* PROBLEM REQUIREMENTS:
Repeat exactly the lines below from the line that contains "Muerte en Santa Rita af Elia Barceló" to the last line, inclusive, without the pictures.

* GIVEN MATERIAL:
# # # # # # #

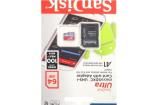 SDSQUAR-064G-GN6MA  Embedded Solutions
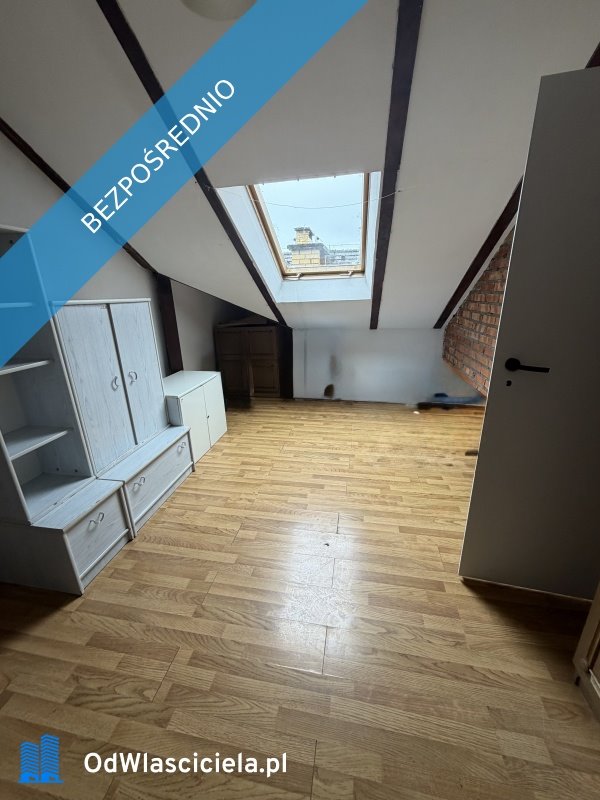 Do sprzedania przestronne 3-pokojowe mieszkanie 68 m² w Śródmieściu Wrocławia Wrocław, Śródmieście, Mikołaja Reja  68m2 Foto 1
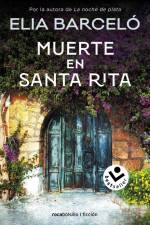 Muerte en Santa Rita af Elia Barceló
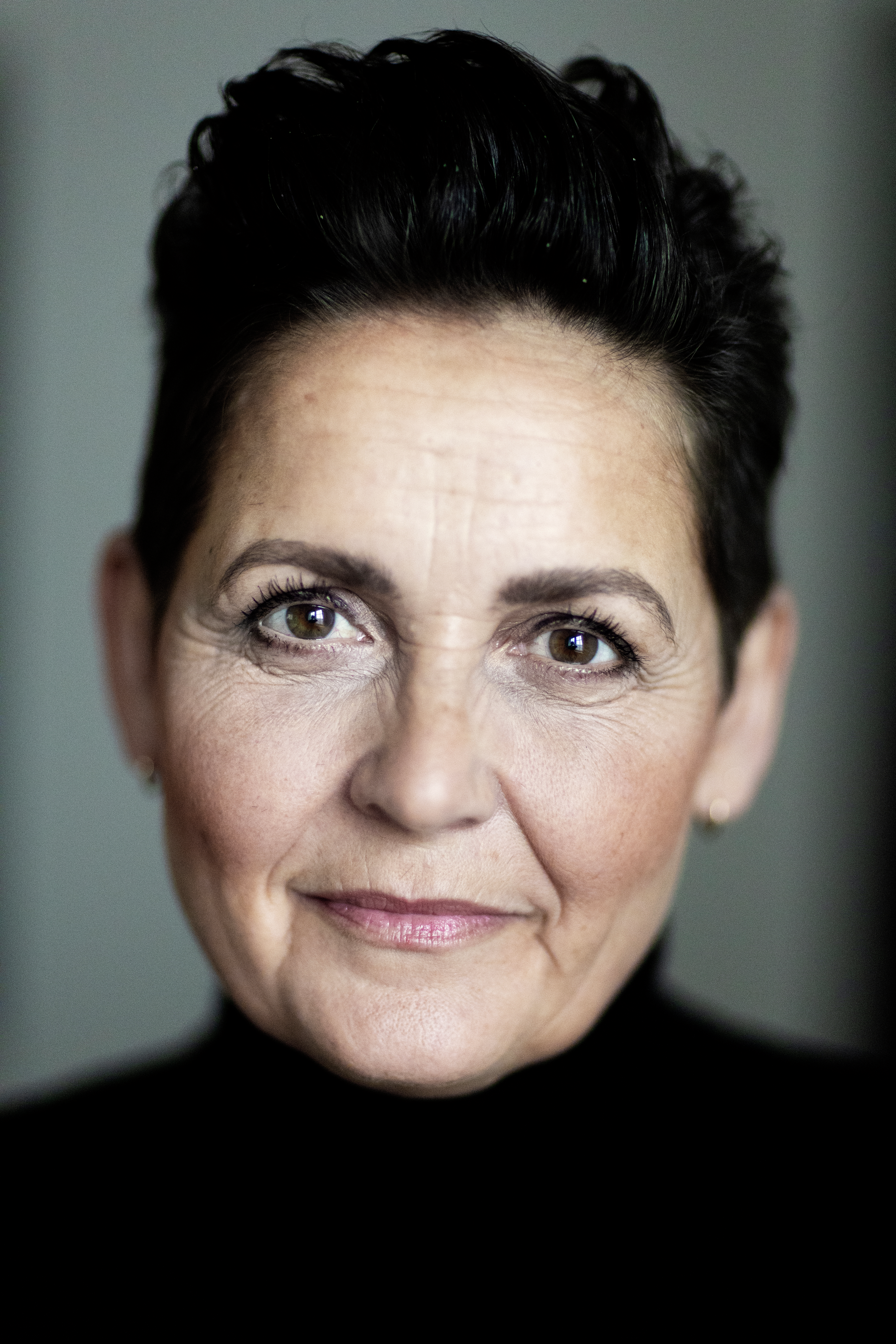 KLART SVAR: Med Pia Olsen Dyhr fra SF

# # # # # # #

* RESPONSE FOR THIS EXERCISE:
 Muerte en Santa Rita af Elia Barceló
 KLART SVAR: Med Pia Olsen Dyhr fra SF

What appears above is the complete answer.